YOUR OBJECTIVE: Filter the data for lines with the word "Apartment", then copy every line so identified.

(Recorded data)
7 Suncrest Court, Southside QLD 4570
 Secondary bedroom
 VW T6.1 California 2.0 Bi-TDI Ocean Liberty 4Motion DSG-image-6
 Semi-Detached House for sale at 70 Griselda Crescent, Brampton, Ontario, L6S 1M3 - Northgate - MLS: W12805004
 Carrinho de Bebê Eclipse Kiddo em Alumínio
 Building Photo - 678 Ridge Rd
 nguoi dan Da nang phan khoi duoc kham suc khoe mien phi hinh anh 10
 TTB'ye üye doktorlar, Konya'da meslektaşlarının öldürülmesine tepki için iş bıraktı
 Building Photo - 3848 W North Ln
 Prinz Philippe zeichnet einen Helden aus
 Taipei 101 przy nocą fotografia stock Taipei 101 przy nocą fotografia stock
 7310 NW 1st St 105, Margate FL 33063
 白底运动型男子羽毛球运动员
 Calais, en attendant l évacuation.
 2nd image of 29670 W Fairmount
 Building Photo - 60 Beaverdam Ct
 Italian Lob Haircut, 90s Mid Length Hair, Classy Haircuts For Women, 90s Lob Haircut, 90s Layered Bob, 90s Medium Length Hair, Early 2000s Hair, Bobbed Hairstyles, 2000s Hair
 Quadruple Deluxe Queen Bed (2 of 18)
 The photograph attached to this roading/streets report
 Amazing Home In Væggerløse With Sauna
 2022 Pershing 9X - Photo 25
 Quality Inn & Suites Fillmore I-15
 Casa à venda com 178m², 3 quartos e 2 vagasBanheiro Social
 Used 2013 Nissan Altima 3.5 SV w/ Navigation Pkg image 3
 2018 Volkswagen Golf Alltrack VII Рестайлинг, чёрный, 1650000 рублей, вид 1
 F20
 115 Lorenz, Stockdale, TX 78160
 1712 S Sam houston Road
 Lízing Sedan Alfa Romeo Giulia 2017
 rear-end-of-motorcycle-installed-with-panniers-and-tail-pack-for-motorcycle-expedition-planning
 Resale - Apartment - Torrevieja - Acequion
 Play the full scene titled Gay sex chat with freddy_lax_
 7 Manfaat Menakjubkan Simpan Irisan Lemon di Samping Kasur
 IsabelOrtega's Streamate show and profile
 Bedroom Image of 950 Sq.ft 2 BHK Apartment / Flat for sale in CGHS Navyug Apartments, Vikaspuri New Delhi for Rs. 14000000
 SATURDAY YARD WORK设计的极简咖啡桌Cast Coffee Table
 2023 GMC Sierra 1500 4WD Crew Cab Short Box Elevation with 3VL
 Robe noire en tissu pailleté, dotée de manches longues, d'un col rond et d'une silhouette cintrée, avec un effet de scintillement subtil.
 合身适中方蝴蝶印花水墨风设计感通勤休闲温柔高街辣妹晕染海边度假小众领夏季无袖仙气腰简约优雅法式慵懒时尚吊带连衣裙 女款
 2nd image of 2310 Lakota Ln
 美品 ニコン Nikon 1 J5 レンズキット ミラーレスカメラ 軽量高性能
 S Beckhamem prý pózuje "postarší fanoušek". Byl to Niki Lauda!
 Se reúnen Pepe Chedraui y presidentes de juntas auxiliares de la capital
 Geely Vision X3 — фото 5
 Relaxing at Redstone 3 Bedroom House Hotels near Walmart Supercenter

EXERCISE ANSWER:
 Resale - Apartment - Torrevieja - Acequion
 Bedroom Image of 950 Sq.ft 2 BHK Apartment / Flat for sale in CGHS Navyug Apartments, Vikaspuri New Delhi for Rs. 14000000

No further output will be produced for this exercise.